Il est en revanche un autre événement, imprévu, qui a eu un impact immédiat sur le projet de loi : la décision French Data Network rendue par l'assemblée du contentieux – la formation la plus solennelle – du Conseil d'État, le 21 avril dernier. Le juge enjoint au gouvernement de revoir sa copie en matière de conservation généralisée des données de connexion par les services de renseignement. En conséquence, les dispositions du texte relatives à l'extension des données traitées (non plus seulement téléphoniques, mais visant aussi les connexions à Internet) et à l'échange d'informations entre services judiciaire et de renseignement ne seront présentées en conseil des ministres que le 12 mai prochain.

Fermeture (bis) des dépendances des lieux de culte, pérennisation des "micas"

Parmi les dispositions devant être présentées ce 28 avril, figure la possibilité d'étendre la mesure de fermeture d'un lieu de culte aux locaux dépendant de ce dernier, afin d'éviter qu'ils ne soient utilisés pour faire échec à la fermeture du lieu de culte. Une mesure dont on relèvera qu'elle figure déjà à l'article 44 du projet de loi "confortant le respect des principes de la République" en cours de discussion au Parlement.

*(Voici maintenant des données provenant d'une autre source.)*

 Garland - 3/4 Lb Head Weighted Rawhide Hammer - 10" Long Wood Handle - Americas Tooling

Les mesures individuelles de contrôle administratif et de surveillance – plus connues sous l'acronyme Micas – qui peuvent être prescrites par le ministre de l'Intérieur "à toute personne à l'égard de laquelle il existe des raisons sérieuses de penser que son comportement constitue une menace d'une particulière gravité pour la sécurité et l'ordre publics", en lien avec le terrorisme, sont non seulement pérennisées (pour l'heure, elles ne sont applicables que jusqu'au 31 juillet prochain), mais également renforcées. Ainsi, la mesure "d'assignation à résidence" – ou plus exactement d'interdiction de se déplacer en dehors d'un périmètre déterminé, qui ne peut être inférieur au territoire de la commune – pourra être assortie d'une interdiction de paraître dans un ou plusieurs lieux déterminés se trouvant au sein de ce périmètre, dans lesquels se tient un événement exposé, par son ampleur ou ses circonstances particulières, à un risque de menace terroriste (le temps de l'événement, et dans la limite de 30 jours). En outre, la durée totale cumulée des obligations pouvant être ordonnées dans ce cadre est portée de 12 à 24 mois.

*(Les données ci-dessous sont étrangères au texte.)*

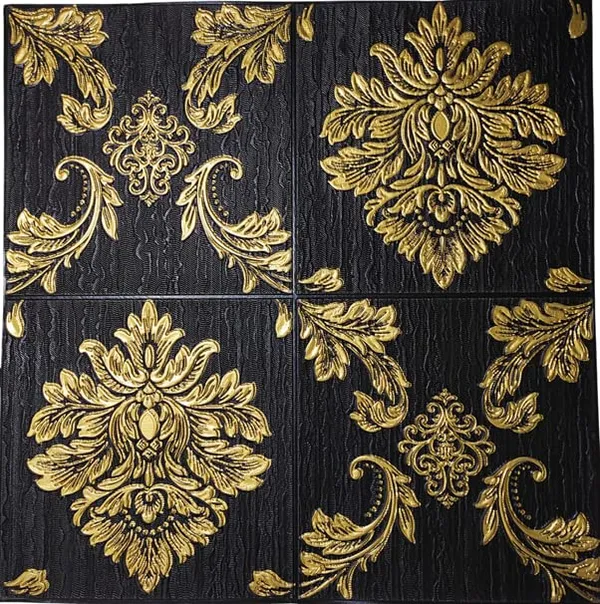 Black_Damask_Textured_&_Waterproof_3D_Design_Foam_Wall_Panels_|_70_X_70_Cm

Sortie de prison sous surveillance pour les détenus jugés "particulièrement dangereux"

Après la censure par le Conseil constitutionnel, le 7 août 2020, des dispositions de la loi instaurant des mesures de sûreté à l’encontre des auteurs d’infractions terroristes à l’issue de leur peine, le gouvernement revoit sa copie (pour être précis, le texte censuré avait pour origine une proposition de loi des députés du groupe LaREM). Le texte introduit une nouvelle "mesure judiciaire de réinsertion sociale antiterroriste", qui pourra être ordonnée aux détenus condamnés à une peine de prison supérieure ou égale à 5 ans (ou 3 ans cas de récidive), pour des faits de terrorisme, à leur sortie de prison lorsqu'ils présentent une particulière dangerosité caractérisée par une probabilité très élevée de récidive et par une adhésion persistante à une idéologie ou à des thèses incitant à la commission d'actes de terrorisme. Cette mesure pourra se traduire par l'obligation d'établir leur résidence dans un lieu déterminé, de répondre à des convocations (JAP, SPIP) ou de communiquer certains renseignements ou documents permettant le contrôle de leurs moyens d'existence et de l'exécution de leurs obligations, d'exercer une activité professionnelle ou de suivre une formation professionnelle, etc. Cette mesure pourra être prononcée pour une durée maximale d'un an, renouvelable pour la même durée dans la limite de 5 ans. Le texte prévoit que la violation de la mesure est punie d'un an d'emprisonnement et de 15.000 euros d'amende.

Ce dispositif – qui ne sera donc pas applicable aux détenus qui se radicaliseraient en prison – concernerait une centaine de détenus d'ici 2023.

Depuis le 1er novembre 2017, date d'entrée en vigueur de la loi Silt, 610 périmètres de protection ont été décidés (aucun n'est encore en vigueur à ce jour), 8 lieux de culte ont été fermés (dont 3 sont à nouveau ouverts), 430 micas ont été prononcées (dont 67 sont encore en vigueur) et 469 visites domiciliaires ont été effectuées, dont 293 depuis l'assassinat du professeur Samuel Paty le 16 octobre dernier.